In December 2021, we enabled Azure Arc-enabled SQL Managed instance in Active Directory (AD) authentication with Customer-managed keytab (CMK) which allows customers to create and manage their own keytab file with tools such as adutil or bring their existing keytab file. Today I’m proud to present the Azure-arc enabled AD-integrated SQL Managed instance with system-managed keytab (SMK).
What is the difference between Azure-Arc enabled SQL Managed instance Active Directory in (AD) authentication with customer-managed keytab (CMK) and system-managed keytab (SMK)?
Active Directory (AD) authentication is a key security feature for Arc-enabled SQL Managed instance. AD authentication is Kerberos protocol-based authentication, it enables domain-joined Windows or Linux clients to authenticate to SQL Server with their AD domain account without being prompted for a password, it also makes it possible to enable a centralized password policy across your organization where you can set up password complexity requirements so people can choose a compliant password for their accounts or decide how often those AD users are going to change their passwords.
In the customer-managed keytab (CMK) mode, it is up to users to provide a pre-created Active Directory (AD) account and registered Service Principal Names (SPNs) under that AD account, and then generate the keytab file using active directory(AD) management tools such as adutil utility.
In the the system-managed keytab (SMK ) mode, users only need to provide an Organizational Unit (OU) and a domain service AD account which has specific permission on the Organizational Unit (OU) level in the Active Directory. The system will generate an AD account for the SQL Managed Instance automatically and registering the SPNs automatically on that AD account. The keytab file is generated and it is delivered to the SQL Managed instance.
The Arc-enabled SQL Managed instances uses an existing on-premises Active Directory (AD) domain for authentication.
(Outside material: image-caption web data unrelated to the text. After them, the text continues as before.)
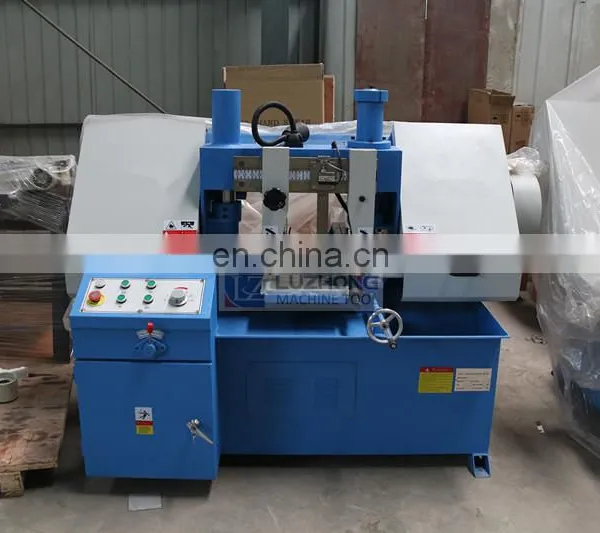 Electric Metal Band Saw GH4235 Band Sawing Machine photo-4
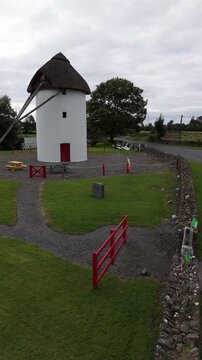 Elphin Windmill is a fully restored 18th century tower mill in Elphin, County Roscommon, viewed as a rare piece of Irish industrial architectural heritage, and possibly the oldest operational windmill
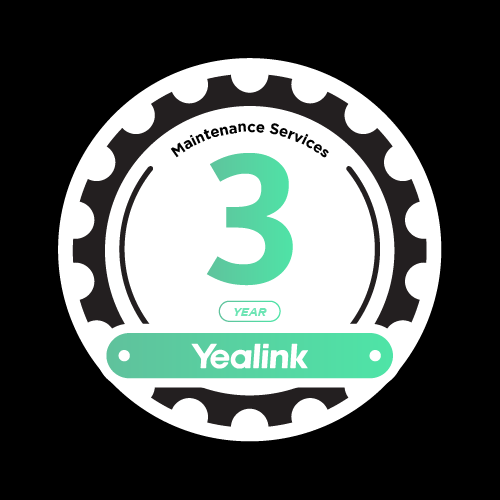 Yealink AMS-W90B, 3 Year Annual Maintenance for W90B, Yealink Microsoft Devices AMS Program for End Users, *Available upon request within one day*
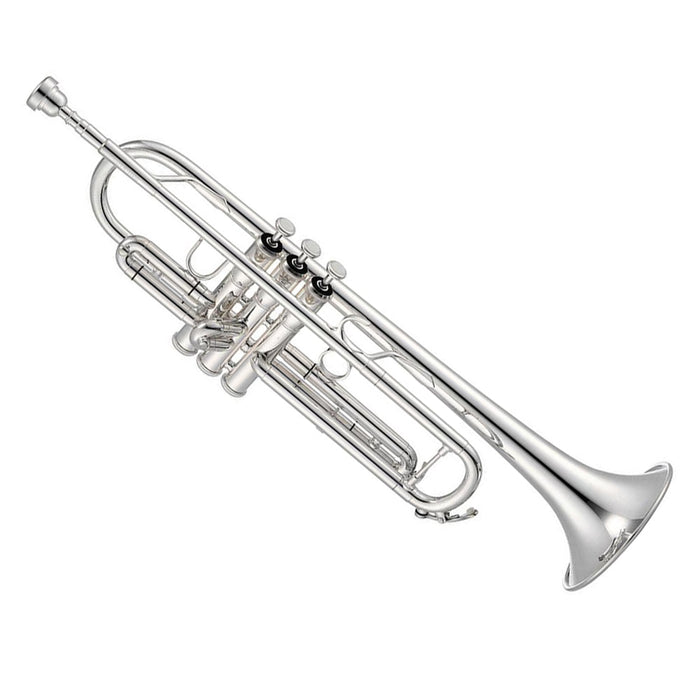 Strauss 6301 Student Trumpet Outfit with Case and Mouthpiece, Nickel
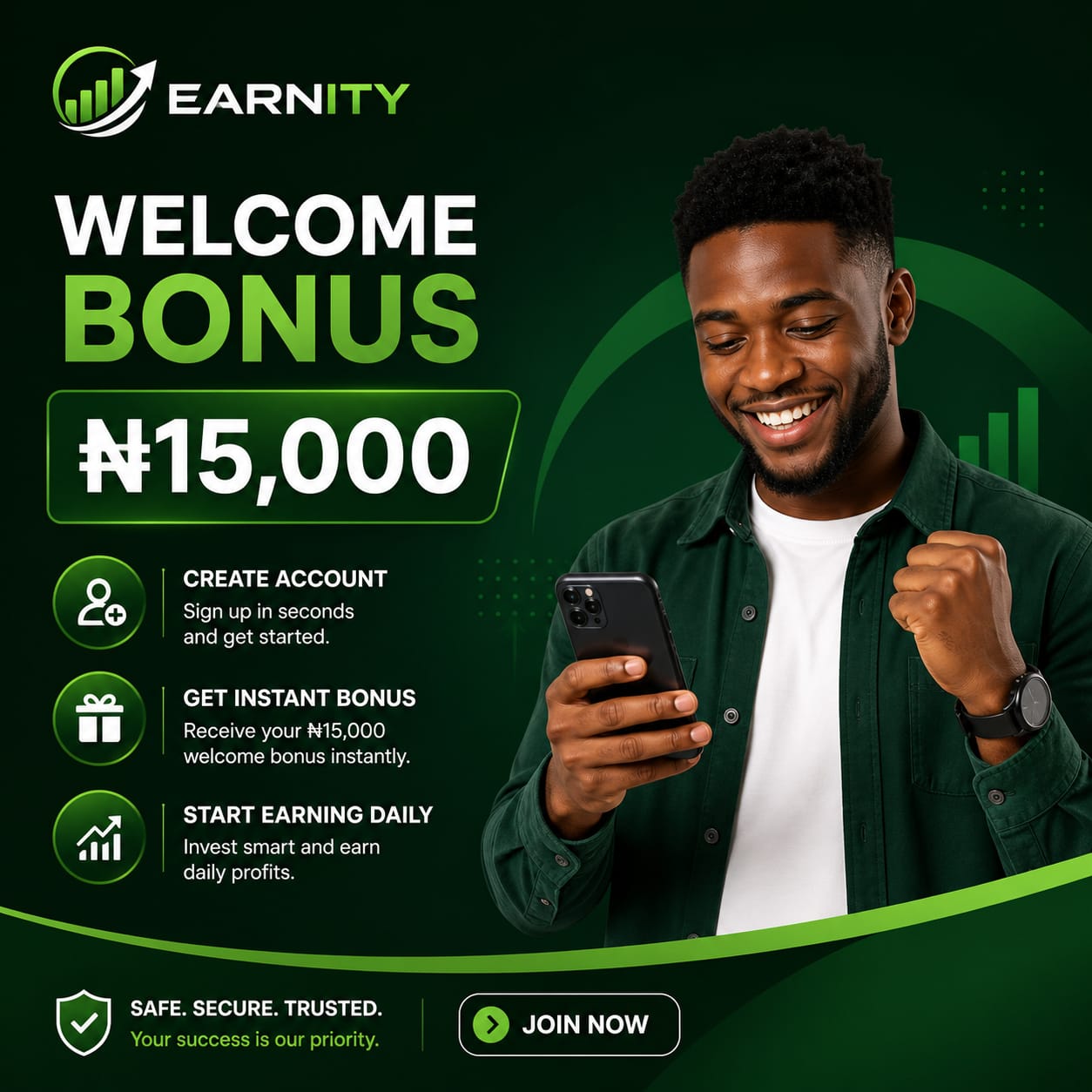 Welcome Bonus
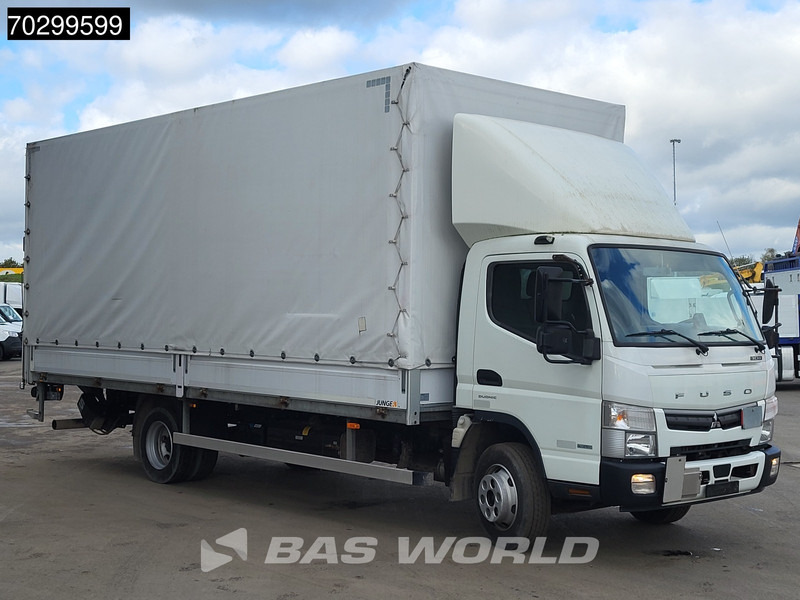 Mitsubishi Fuso 7C18 4X2 7.5tonner Curtainsider Ladebordwand Automatic Euro 6 - Truk dengan terpal samping: gambar 3 Mitsubishi Fuso 7C18 4X2 7.5tonner Curtainsider Ladebordwand Automatic Euro 6 - Truk dengan terpal samping: gambar 3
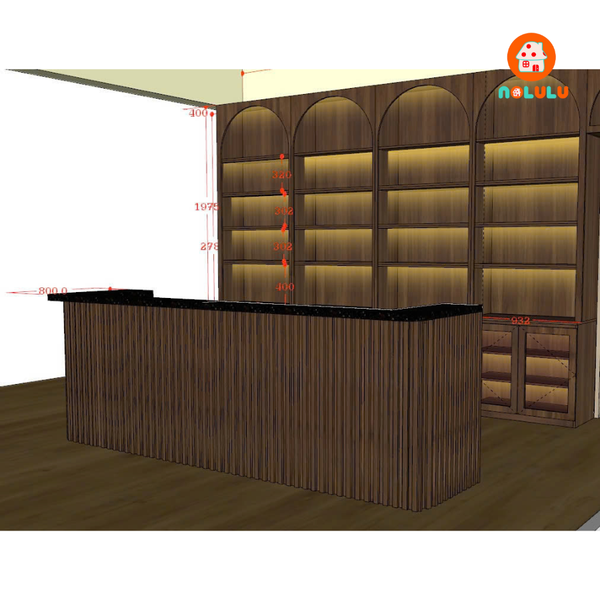 Thiết Kế Thi Công Nội Thất Phòng Bếp Cao Cấp Tại Vinhomes Grand Park Quận 9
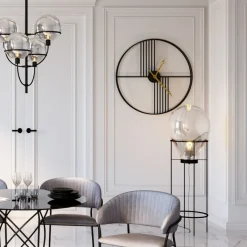 KARE24.se Väggklocka String, Ø60cm - KARE Design Online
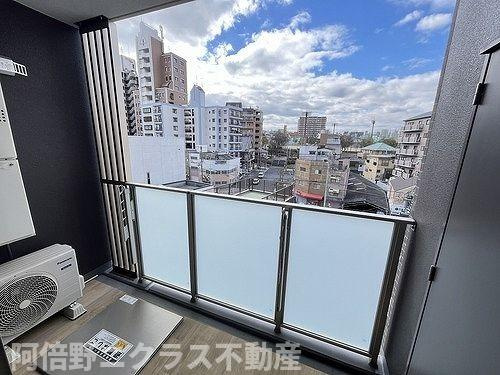 プレサンスロジェ天王寺真田山公園の展望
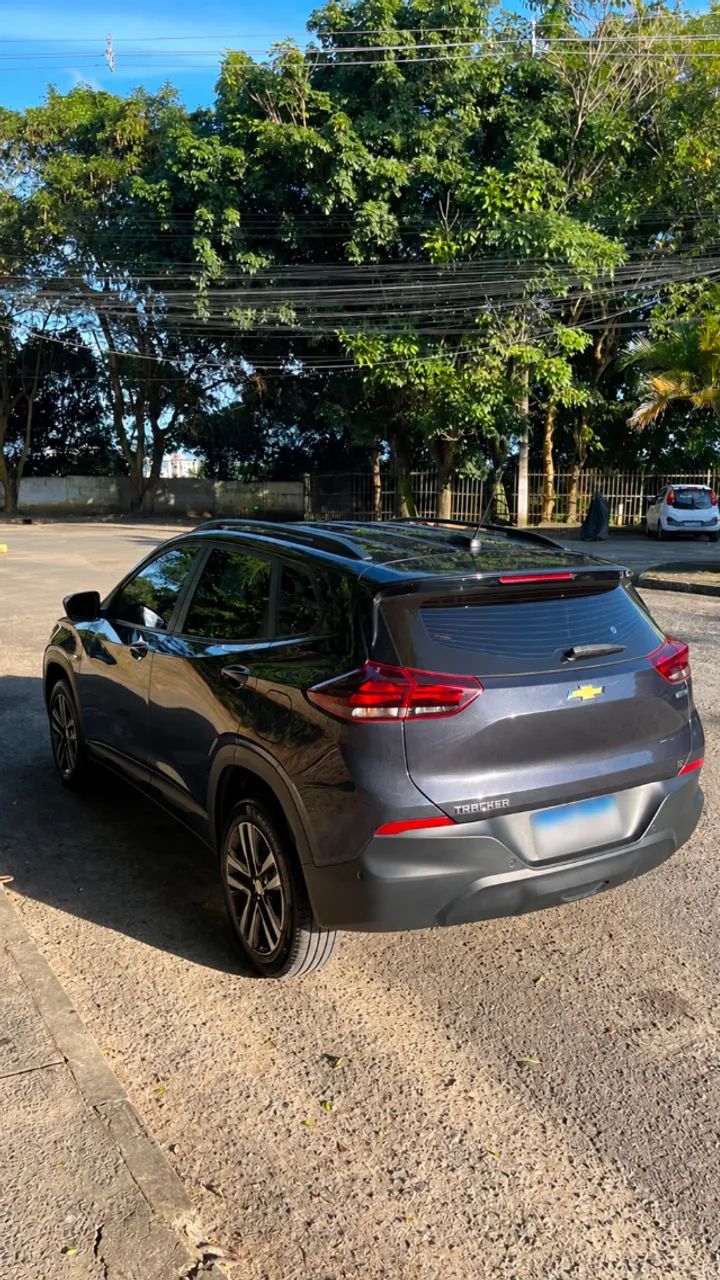 Chevrolet Tracker LT 1.0 Turbo 12V Flex AUT 2024 - Foto 4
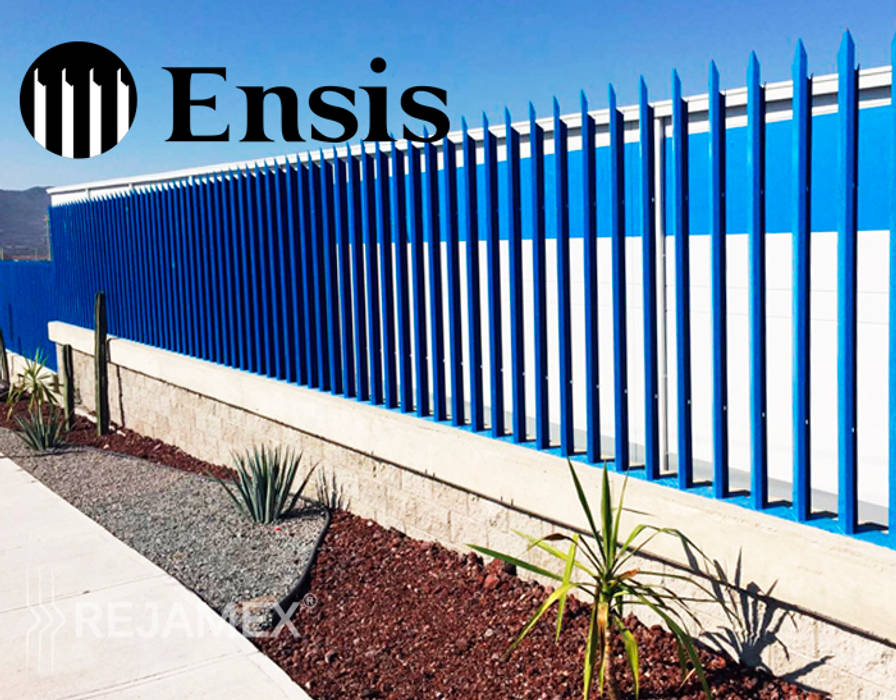 Reja Ensis Laminada, Rejamex Rejamex Front yard Metal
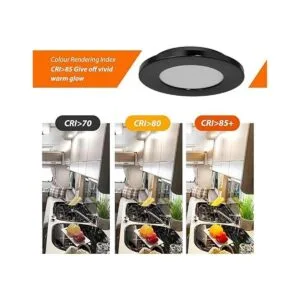 Dream Lighting 2 W empotrada LED Down Light Blanco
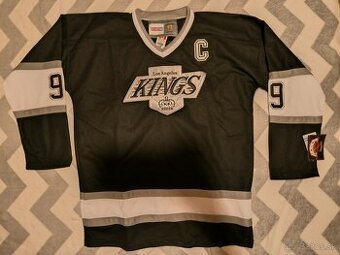 Novy Hokejovy dres Wayne Gretzky Los Angeles Kings 2XL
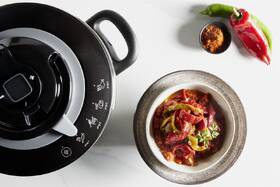 Tlakový hrnec Tefal P4550632, 4,5 l nerez

 obrázek produktu 6 z 10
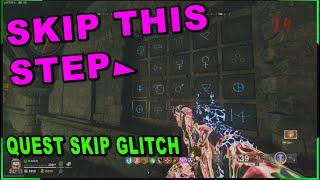 bo6 glitch: SKIP FLASK STEP.  how to skip the vile book step to speed run in Citadelle des morts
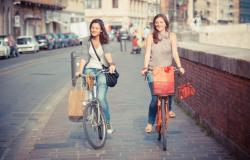 En Florencia puedes ganar hasta 30 euros al mes, simplemente andando en bicicleta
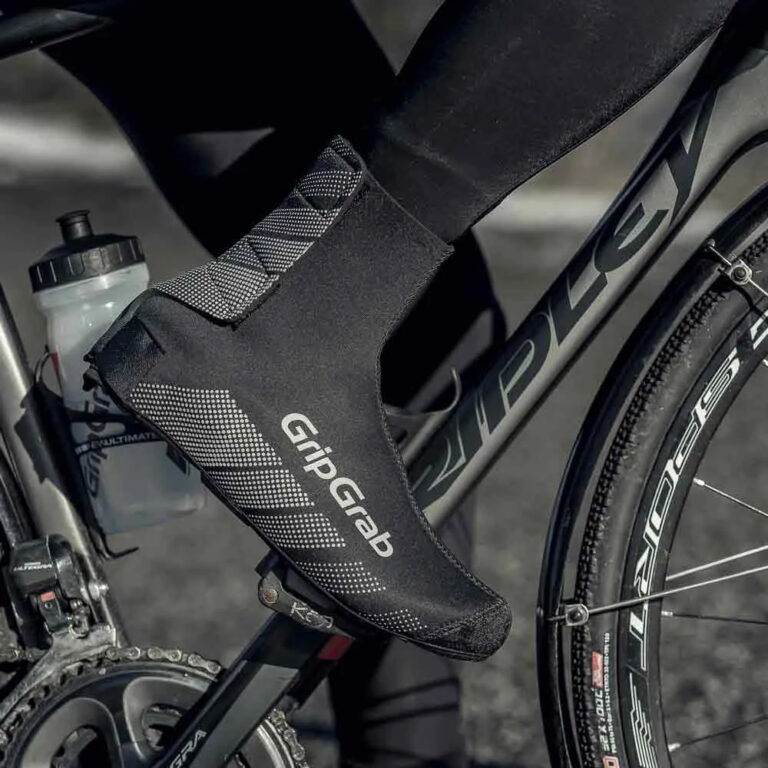 GripGrab Ride Winter Road Overshoes EU 36-37 Black - EU 48-49 Black - Image 4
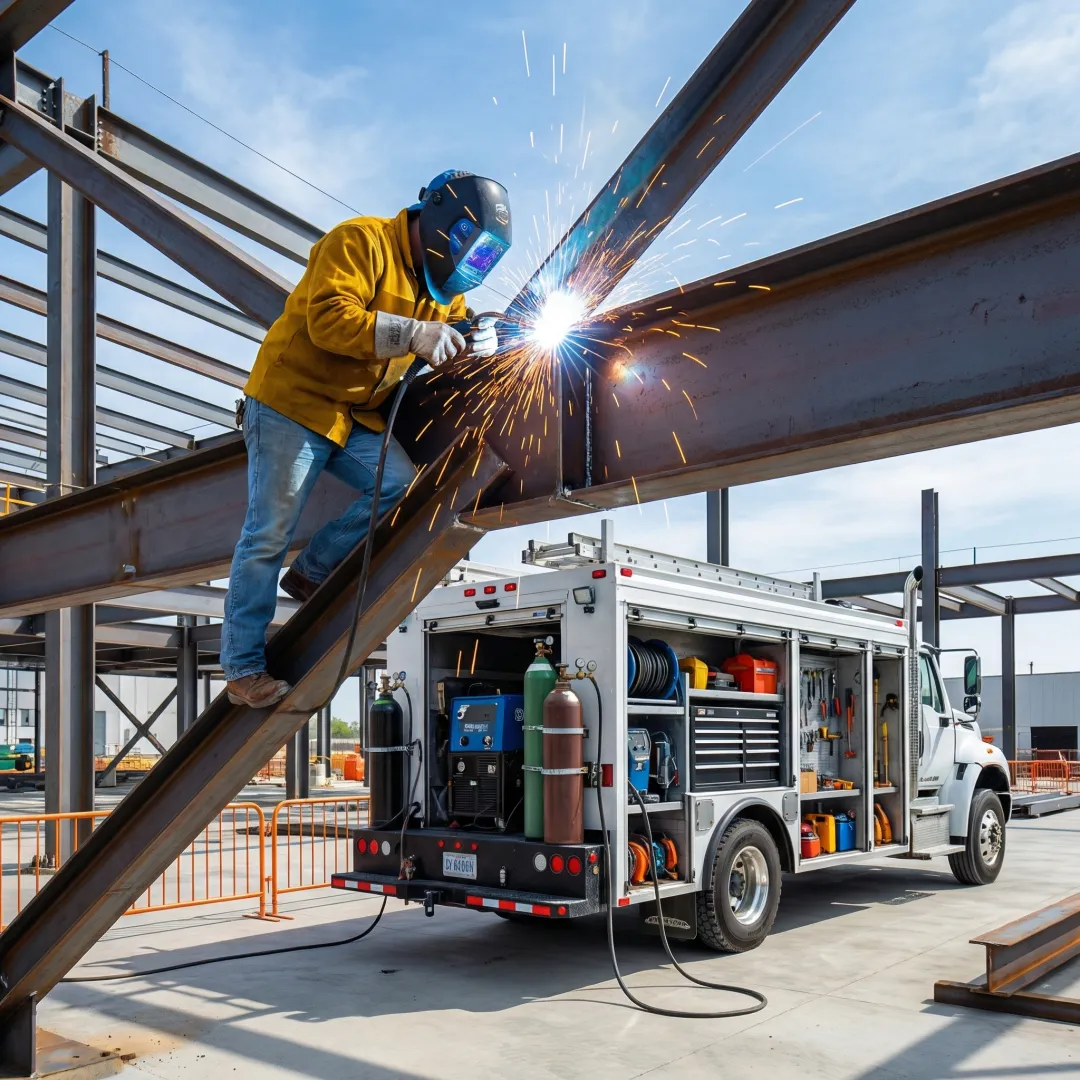 Mobile Welding Services in Fountain Valley, CA | Fast & Reliable Repairs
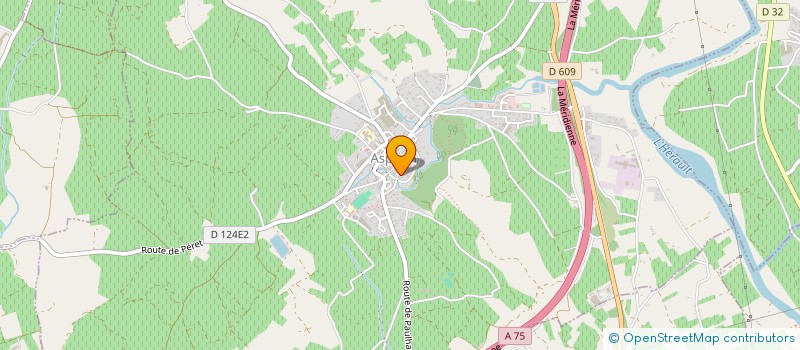 localisation de l'entreprise S C R A  ASPIRAN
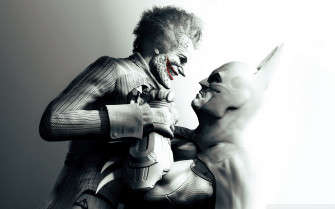 Batman Arkham City Ultra HD Desktop Background Wallpaper For 4k UHD Tv
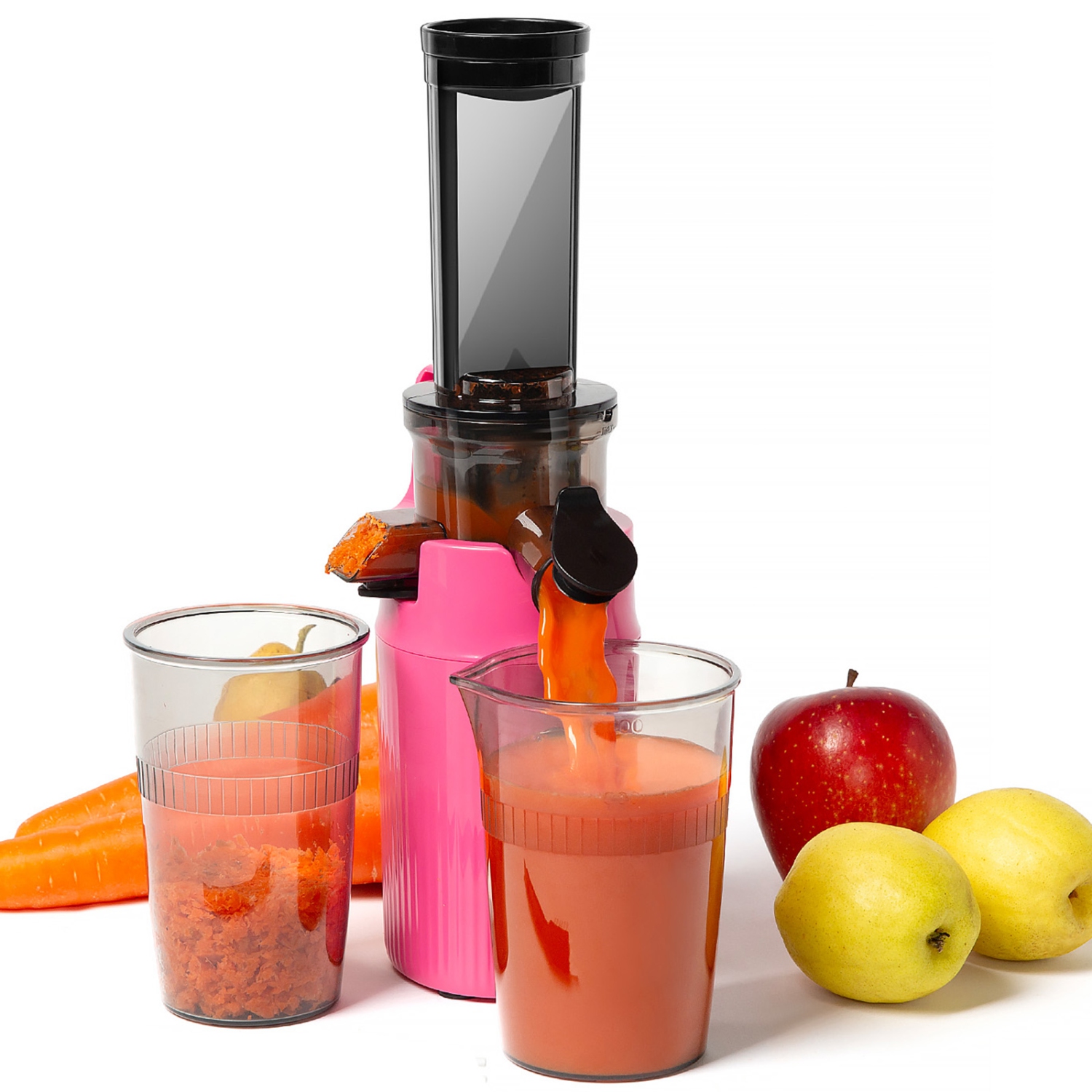 Ventray Ginnie Compact Small Cold Press Juicer, Masticating Slow Juicer  with 60RPM Low Speed, Pink Best Buy Canada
Users need to follow these steps to enable Active Directory authentication for an Arc-enabled SQL Managed Instance:
The following diagram demystifies aforementioned steps about how users enable Active Directory (AD) authentication in Arc-enabled SQL Managed Instance with 3 steps:
Enabling AD Authentication in Arc-enabled SQL Managed instance
Active Directory (AD) Authentication for Arc-enabled SQL Managed instance is one of the most popular demands from our security sensitive customers. It fits in well inside the organization in the hybrid identity scenario. Feel free to comment below about your feedback and which are the hybrid identity solutions your organization looking into?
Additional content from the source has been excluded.